I mostly agree. Certainly, premature optimization can cause lots of problems (pollute an otherwise clean design, overvalue corner cases, dilute conceptual integrity), and profiler-driven optimization (science, not black magic!) is the way to get the best results. Donald Knuth famously observed that “premature optimization is the root of all evil” — a bit over the top, maybe, yet true often enough to give me fits.

But implicit in Fowler’s advice are the following problematic notions:

  • Optimization is a discrete activity from ordinary coding. Especially, it is discrete from refactoring.
  • Between the time that you code an original or refactored version, and the time you optimize, the existence of unoptimized code will have negligible effect on how the rest of the code’s ecosystem evolves.

The flaws in the first notion should be obvious; optimization often requires concommitant refactoring. I won’t beat that dead horse here. The second idea, however, deserves further comment.

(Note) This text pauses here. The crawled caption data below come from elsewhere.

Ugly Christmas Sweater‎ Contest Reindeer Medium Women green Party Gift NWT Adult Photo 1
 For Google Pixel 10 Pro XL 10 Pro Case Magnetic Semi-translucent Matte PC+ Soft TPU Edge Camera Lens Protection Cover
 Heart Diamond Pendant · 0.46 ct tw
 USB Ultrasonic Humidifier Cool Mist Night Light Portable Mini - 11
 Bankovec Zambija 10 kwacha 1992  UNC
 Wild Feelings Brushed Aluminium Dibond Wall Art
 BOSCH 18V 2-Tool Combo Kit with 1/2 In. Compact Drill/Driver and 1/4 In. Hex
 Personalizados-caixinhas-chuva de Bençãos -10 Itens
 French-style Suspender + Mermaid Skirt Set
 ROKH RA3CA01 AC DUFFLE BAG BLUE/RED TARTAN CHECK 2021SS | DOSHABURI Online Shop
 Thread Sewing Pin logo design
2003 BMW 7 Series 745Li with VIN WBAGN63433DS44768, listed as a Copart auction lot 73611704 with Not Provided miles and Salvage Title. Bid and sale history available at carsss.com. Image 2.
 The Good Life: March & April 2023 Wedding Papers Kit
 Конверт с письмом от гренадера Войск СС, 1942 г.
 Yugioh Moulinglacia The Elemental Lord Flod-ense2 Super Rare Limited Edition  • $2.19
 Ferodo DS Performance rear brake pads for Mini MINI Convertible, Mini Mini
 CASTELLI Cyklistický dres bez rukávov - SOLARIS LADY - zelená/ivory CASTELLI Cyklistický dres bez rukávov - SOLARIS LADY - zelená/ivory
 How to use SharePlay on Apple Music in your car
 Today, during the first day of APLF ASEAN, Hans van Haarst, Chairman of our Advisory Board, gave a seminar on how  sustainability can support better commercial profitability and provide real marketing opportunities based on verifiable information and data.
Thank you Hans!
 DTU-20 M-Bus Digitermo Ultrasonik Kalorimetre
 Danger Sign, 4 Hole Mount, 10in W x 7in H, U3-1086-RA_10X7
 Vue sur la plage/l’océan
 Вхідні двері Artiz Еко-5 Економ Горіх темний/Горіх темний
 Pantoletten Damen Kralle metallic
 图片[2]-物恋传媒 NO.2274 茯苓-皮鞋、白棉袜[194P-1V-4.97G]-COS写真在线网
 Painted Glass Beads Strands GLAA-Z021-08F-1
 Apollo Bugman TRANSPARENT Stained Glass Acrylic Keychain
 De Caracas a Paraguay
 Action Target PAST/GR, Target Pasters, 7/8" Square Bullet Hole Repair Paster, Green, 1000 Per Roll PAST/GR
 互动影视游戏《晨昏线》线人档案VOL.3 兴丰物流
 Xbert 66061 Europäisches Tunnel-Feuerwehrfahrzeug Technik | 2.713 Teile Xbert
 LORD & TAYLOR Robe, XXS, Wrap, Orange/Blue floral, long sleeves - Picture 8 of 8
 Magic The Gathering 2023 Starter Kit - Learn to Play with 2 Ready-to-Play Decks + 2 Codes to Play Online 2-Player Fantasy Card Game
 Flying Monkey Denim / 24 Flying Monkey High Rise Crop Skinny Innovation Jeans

Sometimes the only time to optimize is before decisions get made :-). Image credit: xkcd

Before you get around to optimizing, what happens if programmers go looking for an API that does X, find your works-correctly-but-suboptimally function, and wrinkle their nose. “Code smell!” they cry. And they write their own function that does a binary rather than linear search, etc. They don’t have time to investigate whether the original version was coded that way for a reason (and thus should simply be refactored); they just need something that works AND that is fast, and your function doesn’t cut it.

I have seen this happen over and over and over again. Late optimization, while smart in many cases, must be managed (communicated, commented, evangelized, trained, reinforced, audited, planned for) carefully or else it will provoke a lot of NIH and contempt from (ironically) less savvy programmers. Result: more guck that needs refactoring.

Action Item

Find a notoriously sub-optimized function in your code. Study how its existence in non-optimal form has influenced how other code has evolved.